Siamo sicuri che spostare risorse dal privato al pubblico e dal futuro al presente ne migliori l'impiego?
18 Dicembre 2023
L'Economia – Corriere della Sera
Alberto Mingardi
Direttore Generale
Argomenti / Politiche pubbliche
Vista dall’Italia, la Germania è un Paese stravagante che proprio quando pensa di immettere più risorse nell’economia in risposta alla recessione discute di tetto al debito pubblico e pareggio di bilancio. Parlando del rinnovo del patto di stabilità, Giuseppe Conte ha accusato Giorgia Meloni di mettere un «cappio» all’Italia. E il cappio consisterebbe nel ritorno alle regole fiscali, all’obiettivo (quali che siano le variazioni sul tema rispetto al passato) di ridurre il debito e contenere il deficit. Più che di un cappio, si tratta di una cintura di sicurezza che si mette il Paese, nella consapevolezza che i suoi governanti amano la guida spericolata.

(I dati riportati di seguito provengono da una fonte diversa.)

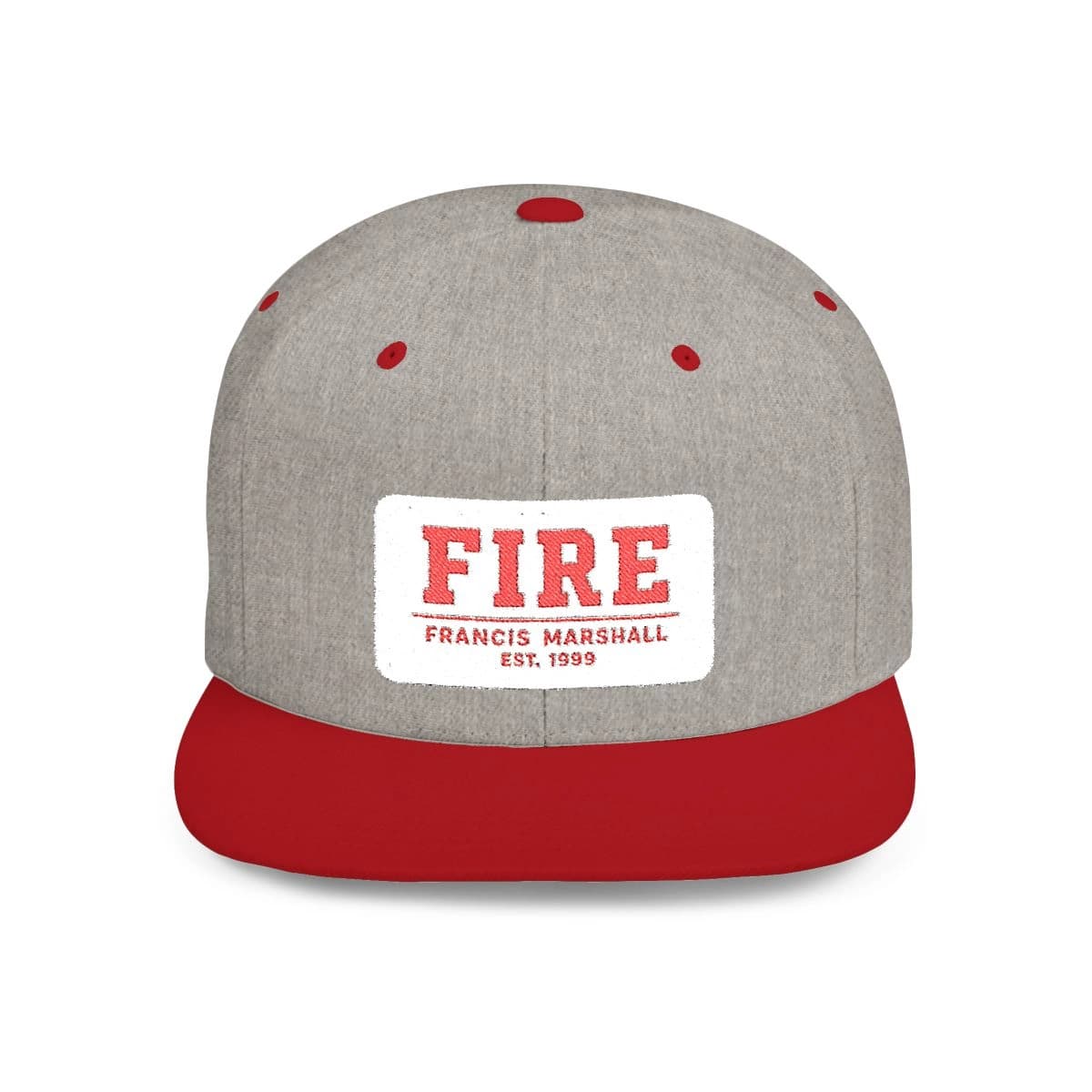 Francis Marshall Heritage Patch Hat in heather grey and red, front view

Delle regole fiscali si può dire come delle diete: qualsiasi regime è meglio che nessun regime. Non a caso, la prima regola fiscale non è «europea» ma ce l’abbiamo in Costituzione. Il vecchio articolo 81 stabiliva che ogni nuova legge che prevede nuove o maggiori spese indichi i mezzi per farvi fronte. Un modo per perseguire indirettamente l’equilibrio delle finanze pubbliche e per suggerire di calibrare impegni e risorse. Purtroppo i governi non si sono mai peritati di attenersi al dettato. Di qui, la necessità di riscrivere l’articolo, indicando l’obiettivo del pareggio di bilancio (equilibrio fra entrate e uscite) «aggiustato» per l’andamento del ciclo economico. La norma prevedeva le regole per l’eccezione: un voto del Parlamento a maggioranza assoluta basta per decidere che ci si trova in circostanze eccezionali, e fare deficit. Infatti, da quando l’articolo è stato modificato non c’è stato un anno solo in cui le Camere si siano fatte scrupolo di farci indebitare di più.

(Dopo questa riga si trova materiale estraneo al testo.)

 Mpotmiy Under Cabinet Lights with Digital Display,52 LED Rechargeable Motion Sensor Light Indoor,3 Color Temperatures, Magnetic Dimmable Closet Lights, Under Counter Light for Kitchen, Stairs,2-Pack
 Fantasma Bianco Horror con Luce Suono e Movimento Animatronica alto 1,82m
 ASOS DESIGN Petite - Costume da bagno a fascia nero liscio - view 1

Siamo uno dei Paesi al mondo con la pressione fiscale e la spesa pubblica più elevata. Il fatto che ogni anno sia necessario spendere un po’ di più dovrebbe farci venire qualche dubbio. I fini per cui spendiamo possono essere commendevoli, ma se non riusciamo a raggiungerli, pur impiegando allo scopo metà del Pil, dovremmo chiederci se stiamo davvero usando quelle risorse nel migliore dei modi. Chi difende deficit più elevati afferma implicitamente non solo una maggiore efficienza della spesa pubblica rispetto alla privata attuale, ma anche della spesa pubblica di oggi contro la spesa, privata o pubblica, di domani.

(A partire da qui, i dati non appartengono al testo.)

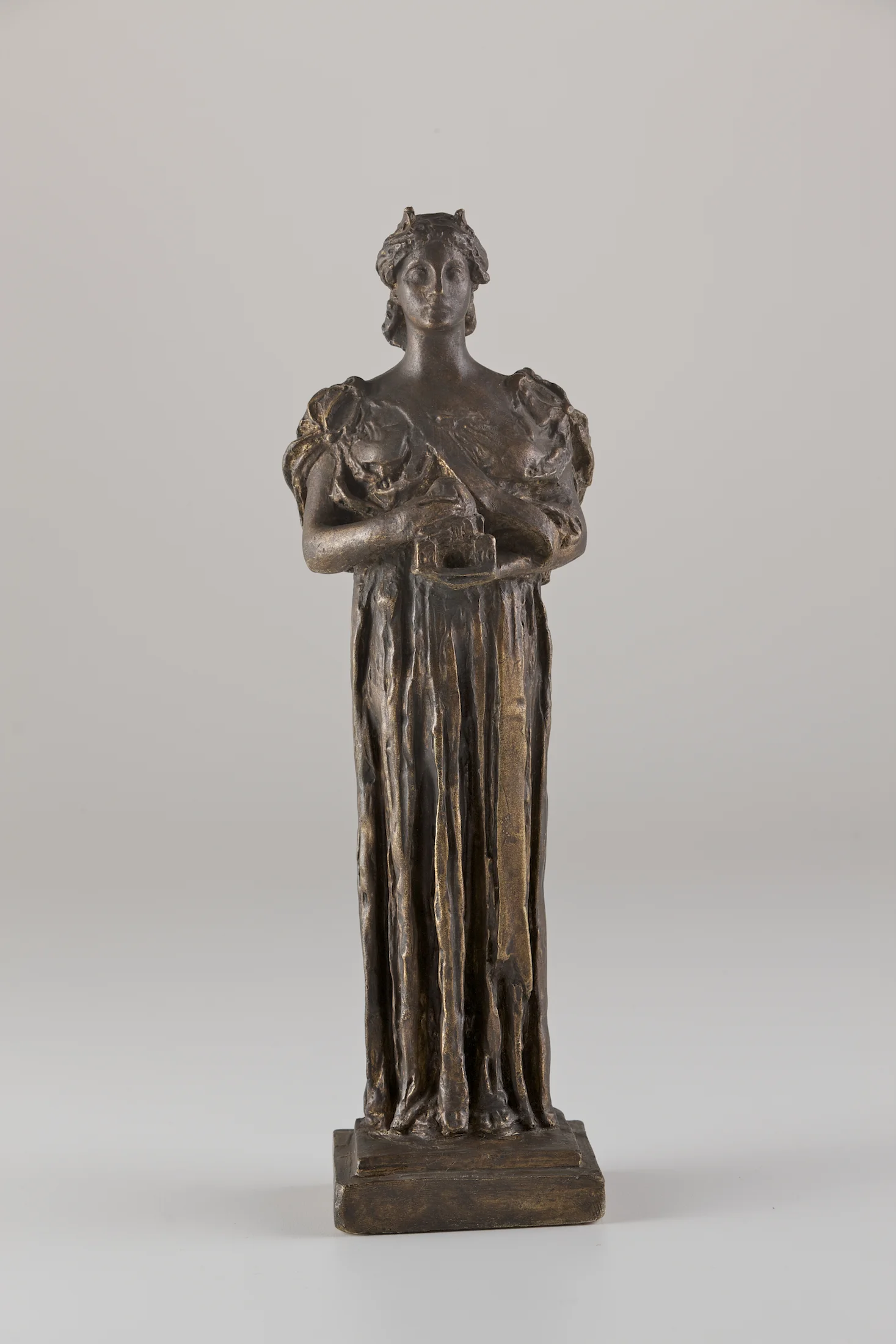 Daniel Chester French's bronze maquette of Architecture , on view in the Permanent Collections Gallery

Stiamo prendendo a prestito quattrini dalle generazioni future. L’unica giustificazione per farlo è che, in tal modo, si producano benefici anche per gli italiani che ancora non sono venuti al mondo. Siamo sicuri che sia così? Che spostare risorse dal privato al pubblico e dal futuro al presente ne migliori l’impiego? I tedeschi hanno qualche dubbio. E per quanto il rigore fiscale di ieri consenta loro di avere più margini di manovra oggi, pensano che né la Repubblica federale né l’Ue debbano poter ipotecare il futuro dei loro figli. L’unico cappio è quello che l’irresponsabilità fiscale mette proprio al collo degli italiani di domani.